Por otro lado se puede ir haciendo la pera caramelizada. Pelamos la fruta y la cortamos en láminas o dados. En una cazo echamos una nuez de mantequilla (una cucharada) y añadimos la pera. Dejamos que se haga a fuego medio unos minutos e incorporamos el azúcar moreno y dejamos que se vaya caramelizando a fuego suave durante 15-20 minutos.
Mientras tanto, con ayuda de un molde, sacamos los redondeles del pan de molde. Los hacemos a la plancha con un poco de aceite o en el horno (unos 5-8 minutos) hasta que se tuesten.
Turno de la morcilla. En mi caso usé morcilla hecha a mano de Burgos, que está espectacular y es altamente recomendable. La desmenuzamos y la ponemos en una sartén sin aceite. Vamos desmigándola bien a medida que se hace a fuego vivo. Bastarán 2 minutos removiendo continuamente. Por último tostamos un poco la almendra laminada y ya tenemos todo el material listo.
Para emplatar se coloca un molde sobre la rebanada de pan tostado. Ponemos una capa de las patatas y la cebolla a lo pobre. Sobre ella otra capa de morcilla. Luego una capa de pimientos asados y encima otra de pera caramelizada. Decoramos con la almendra laminada y la crema de vinagre balsámico y ya tenemos un pincho que difícilmente dejará hambriento. Pura épica en el paladar.
Para emplatar se coloca un molde sobre la rebanada de pan tostado. Ponemos una capa de las patatas y la cebolla a lo pobre. Sobre ella otra capa de morcilla. Luego una capa de pimientos asados y encima otra de pera caramelizada. Decoramos con la almendra laminada y la crema de vinagre balsámico y ya tenemos un pincho que difícilmente dejará hambriento. Pura épica en el paladar.
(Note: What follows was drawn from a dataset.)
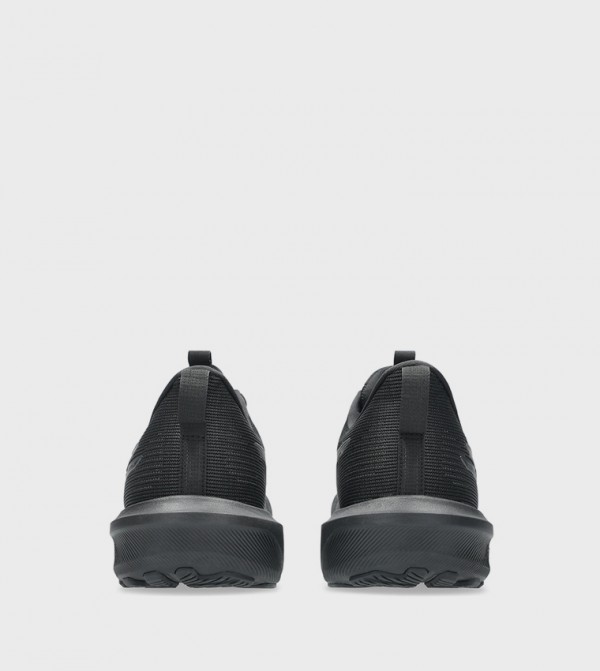 Asics  Sports Shoes - Black Running Shoes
Película ideal para degustar el plato
EL CID
("El Cid" de Anthony Mann - 1961)
("El Cid" de Anthony Mann - 1961)
La acometida gastronómica de este pincho resulta grande en muchos sentidos. Primero porque lleva su tiempo, su trabajo, tienes que desplegar muchos tentáculos para abarcar todos los pasos y por último por la envergadura colosal que ofrece en su punto más climático. De ese modo parece natural que la comparativa del celuloide tuviese que estar marcada por una súper-producción de esas en las que se aglomeran multitudes de extras, no se repara en decorados y la épica inunda cada uno de los planos. Si ya puestos, que lo estamos, se tiene como elemento protagonista (o héroe) un producto tan carismático como la morcilla de Burgos, no podemos resistir la tentación de clavar nuestros ojos en "El Cid".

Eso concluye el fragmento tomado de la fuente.